What the task requires:
Could you copy exactly the lines below from the one with "Apartamentos La Venta" to the one with "valkoinen Volkswagen ID. Buzz 2024 kuva 13.", inclusive, leaving out any pictures?

Data for this task Start Marker

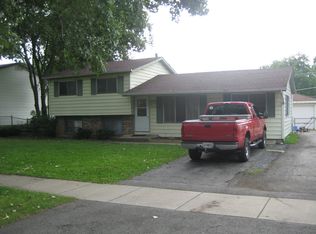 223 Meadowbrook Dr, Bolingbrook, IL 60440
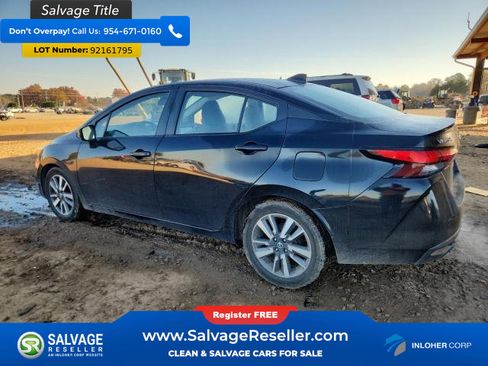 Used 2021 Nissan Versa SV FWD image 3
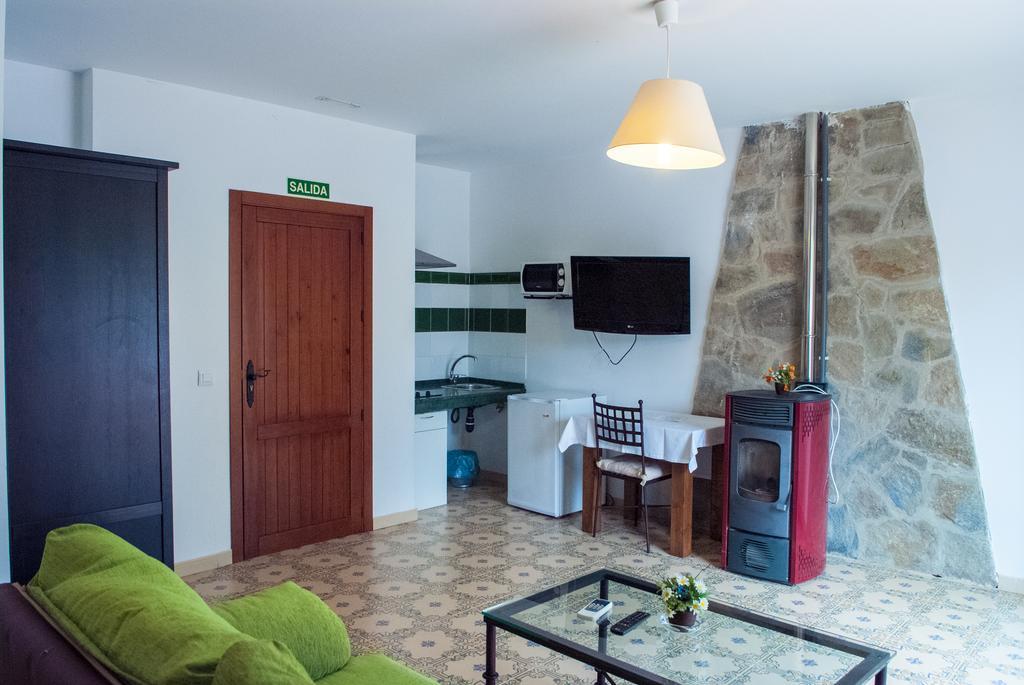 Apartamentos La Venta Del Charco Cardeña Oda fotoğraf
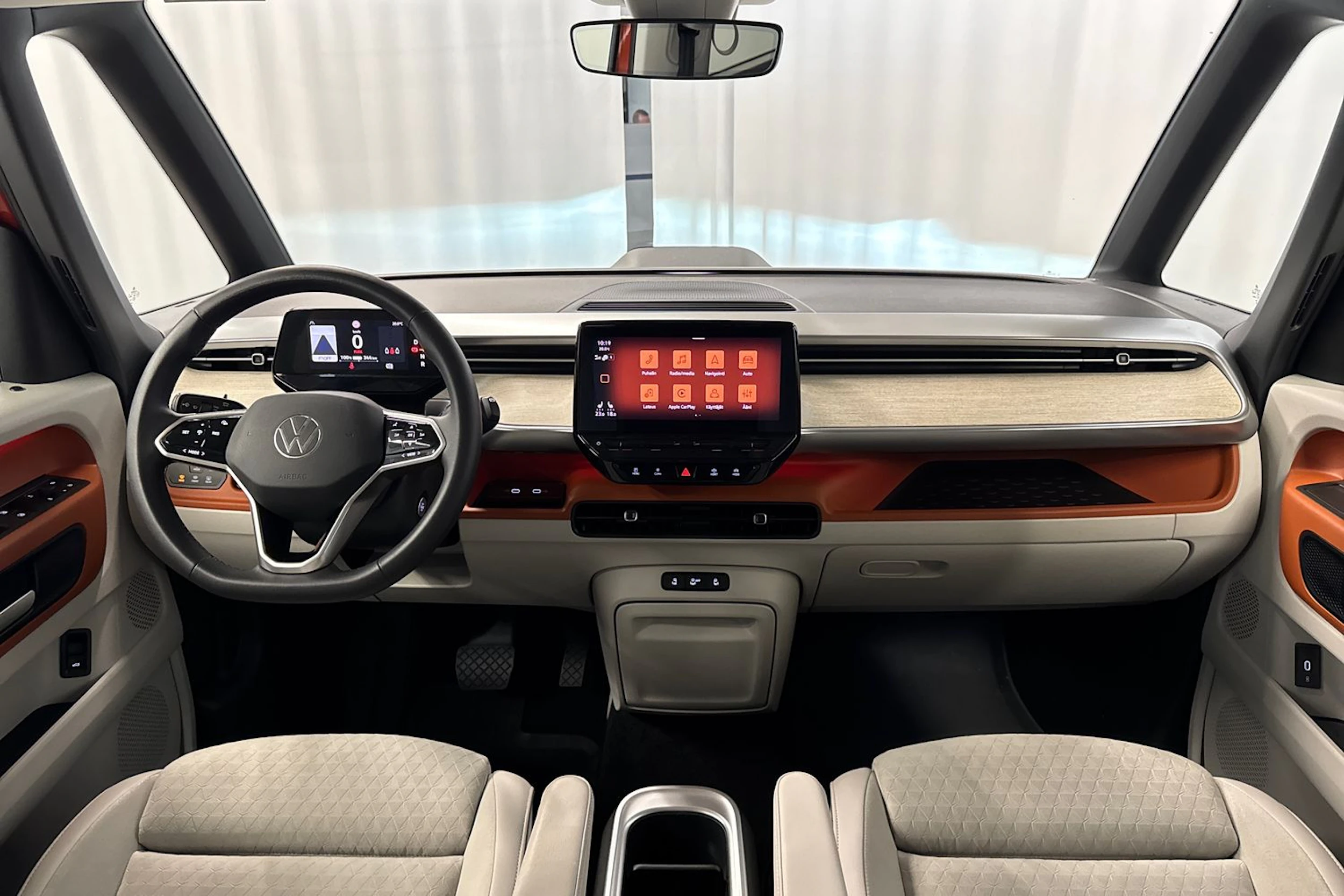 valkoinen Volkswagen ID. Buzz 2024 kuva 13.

Data for this task End Marker
Data for this task Start Marker

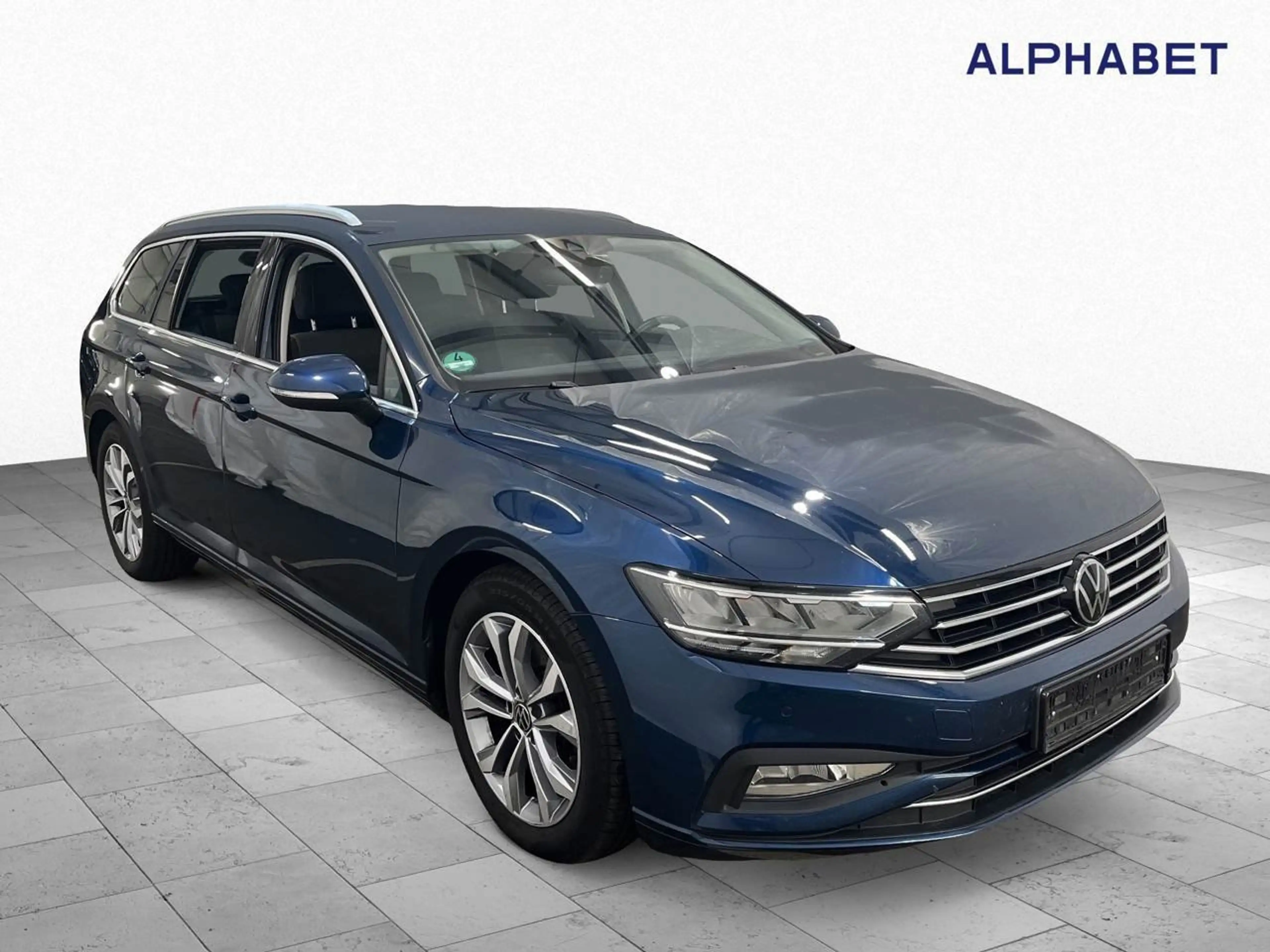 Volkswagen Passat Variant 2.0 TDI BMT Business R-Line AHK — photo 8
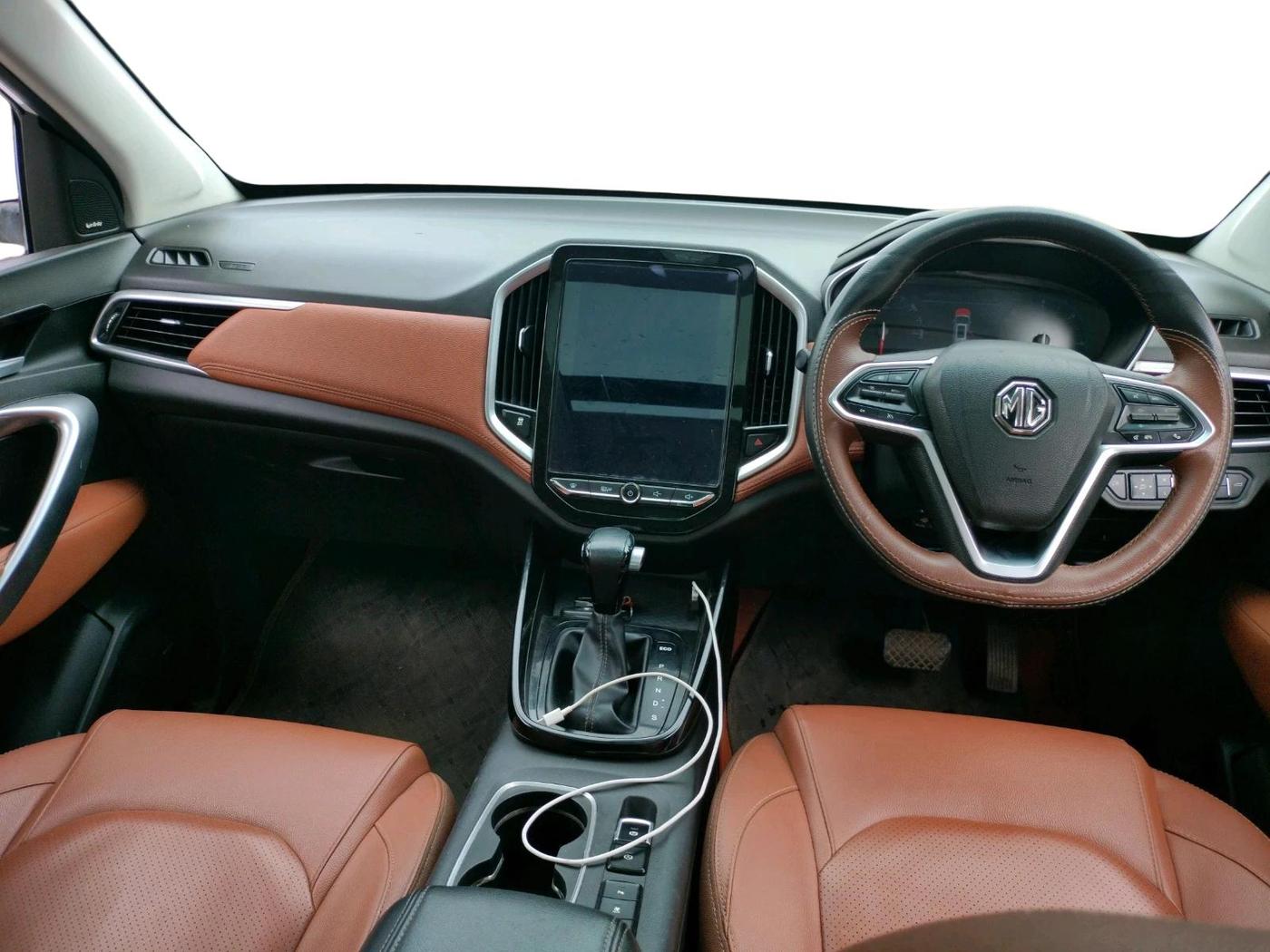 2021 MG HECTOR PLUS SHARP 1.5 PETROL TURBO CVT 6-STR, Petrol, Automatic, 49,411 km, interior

Data for this task End Marker

Reply:
 Apartamentos La Venta Del Charco Cardeña Oda fotoğraf
 valkoinen Volkswagen ID. Buzz 2024 kuva 13.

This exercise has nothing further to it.